On your local machine:

Bash
pip install idmtools[slurm]

On the cluster (if needed):

Bash
# Load Python module (cluster-dependent)
module load python/3.11

# Install idmtools
pip install --user idmtools[slurm]

3. SSH Configuration

Setup passwordless SSH (recommended):

Bash
# Generate SSH key
ssh-keygen -t rsa -b 4096

# Copy to cluster
ssh-copy-id [email protected]

# Test connection
ssh [email protected] "hostname"

Verify Slurm is Running

Before submitting jobs, verify your Slurm cluster is available:

Bash
sinfo -a

Expected output:

Text Only
PARTITION AVAIL  TIMELIMIT  NODES  STATE NODELIST
LocalQ*      up   infinite      1   idle localhost

Basic Configuration

Minimum Configuration

Minimum required in idmtools.ini:

INI
[MY_SLURM]
type = SLURM
job_directory = /home/userxyz/my_outputs
Python
# call with ini file
Platform('MY_SLURM')

Or directly from code:

Python
Platform('SLURM_LOCAL', job_directory='/home/userxyz/my_outputs')

Full Configuration File

Create ~/.idmtools/idmtools.ini:

INI
[my_Slurm]
type = Slurm
job_directory = /home/myusername/idmtools_jobs
partition = general
account = myproject
time_limit = 01:00:00
cpus_per_task = 1
mem_per_cpu = 4G

Load configuration:

Python
platform = Platform("my_Slurm")

SlurmPlatform Attributes

All attributes from SlurmPlatform in slurm_platform.py:

Attribute Description
mail_type Email notification type (e.g.
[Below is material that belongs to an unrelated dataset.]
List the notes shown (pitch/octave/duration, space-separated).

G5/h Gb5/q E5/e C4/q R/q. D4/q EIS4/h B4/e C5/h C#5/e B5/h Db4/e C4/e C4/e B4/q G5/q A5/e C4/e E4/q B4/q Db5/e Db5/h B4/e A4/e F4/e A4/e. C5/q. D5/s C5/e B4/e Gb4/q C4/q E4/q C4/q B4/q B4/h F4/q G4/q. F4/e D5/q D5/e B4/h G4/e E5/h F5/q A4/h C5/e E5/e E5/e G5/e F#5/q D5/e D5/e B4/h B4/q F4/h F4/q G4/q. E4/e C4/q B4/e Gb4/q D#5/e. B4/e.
BEGIN, END, FAIL)
mail_user Email address for job notifications
nodes Number of nodes to request
ntasks Number of tasks
cpus_per_task Number of CPUs per task
ntasks_per_core Number of tasks per core
max_running_jobs Maximum running jobs per experiment
mem Memory per node in MB
mem_per_cpu Memory per CPU in MB
partition Slurm partition/queue to submit to
constraint Compute node constraint
time Job time limit (e.g. 01:00:00)
account Account to charge for the job
exclusive Nodes cannot be shared with other jobs/users
requeue Allow job to be requeued if a node fails
retries Default number of retries for failed jobs
sbatch_custom Custom commands to append to the sbatch script
modules Environment modules to load before execution
dir_exist_ok Allow job directories to already exist
array_batch_size Maximum Slurm job array size
propogate_slurm_env_var Propagate inherited SLURM env vars into generated scripts
run_on_slurm Submit the current script itself as a Slurm job
mpi_type MPI type: pmi2, pmix (Slurm MPI), or mpirun (independent MPI)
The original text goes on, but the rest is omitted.